Black grouse struck my imagination like an avalanche. Fifteen years ago, I knew the birds only in passing from a pattern of chance encounters and the occasional morning at the leks with my father. Then for reasons I can’t entirely explain, the birds escalated into an obsession. While my interests have broadened over the past fifteen years, black grouse still hold my heart’s attention. But they’ve gone from many of their former strongholds in Galloway, and nowadays I find them only once or twice in the passing of a normal year. It’s fair to say that black grouse are doomed in this part of southwest Scotland, and while a few small pockets remain here and there, the trajectory is only ever down towards a point of final, staggering failure.

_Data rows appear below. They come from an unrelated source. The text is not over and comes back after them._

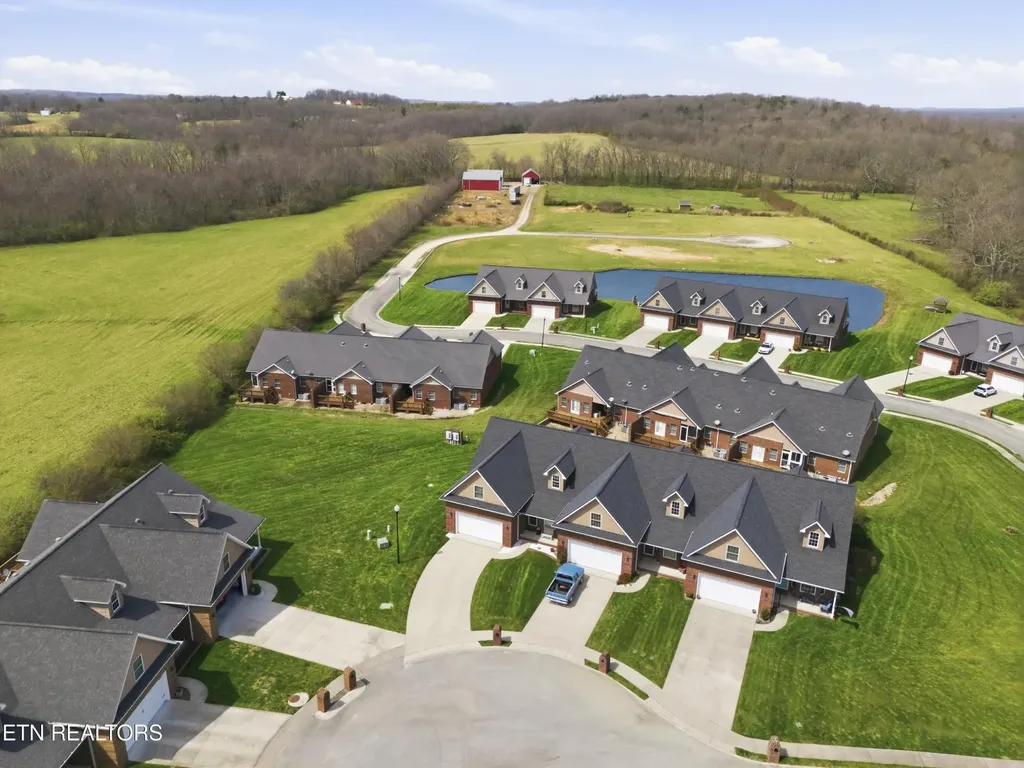 48 Saddle Brook Lane Crossville TN 38571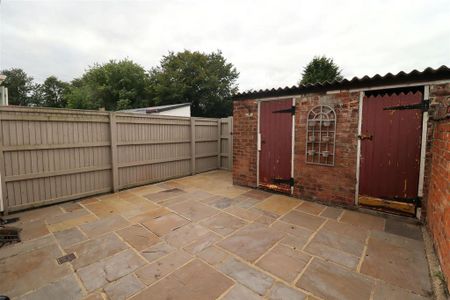 2 bedroom cottage to rent - Photo 2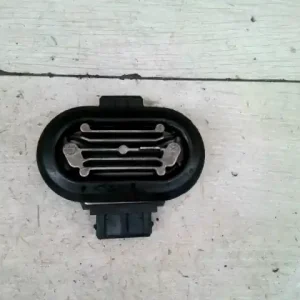 Biztonságos vásárlás VW PASSAT 96.10-00.10 B5 Fűtőmotor előtét ellenállás1.8t bontott alkatrész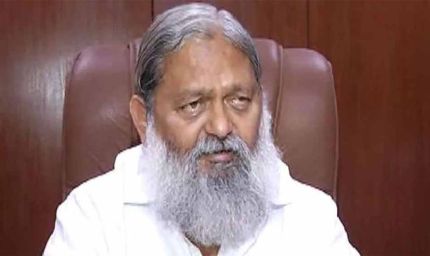 अनिल विज का सख्त एक्शन: पुलिस अफसर सस्पेंड, बोले— ‘अगली मीटिंग में इलाज कर दूंगा’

I went to Teesdale for the first time in 2009. Used to seeing black grouse in scattered gangs of two and three at home, it blew my mind to find them in glorious abundance on the roadside fields at Langdon Beck. They shuffled like poultry in the verges, and the leks were glorious affairs made up of twenty and thirty cocks at a time. Through persistence and dogged enthusiasm, I got to know some of the shepherds and gamekeepers there, and I greedily supplemented my knowledge of Galloway’s failure with a clear expression of how things used to be here. It’s a two hour drive to Alston from home, and on a fine day it’s possible to see my grandfather’s farm from the hills at Garrigill. And yet the difference between the two landscapes is monumental – as Galloway chewed itself into a wreckage of forestry, the North Pennines bathed in a serenity of permanence that was underpinned by the oxygen of grouse moor management. In the spring, the hills would ring to racket of wading birds; hares waited in every field and grey partridges stood aside to watch the mighty leks unfurl.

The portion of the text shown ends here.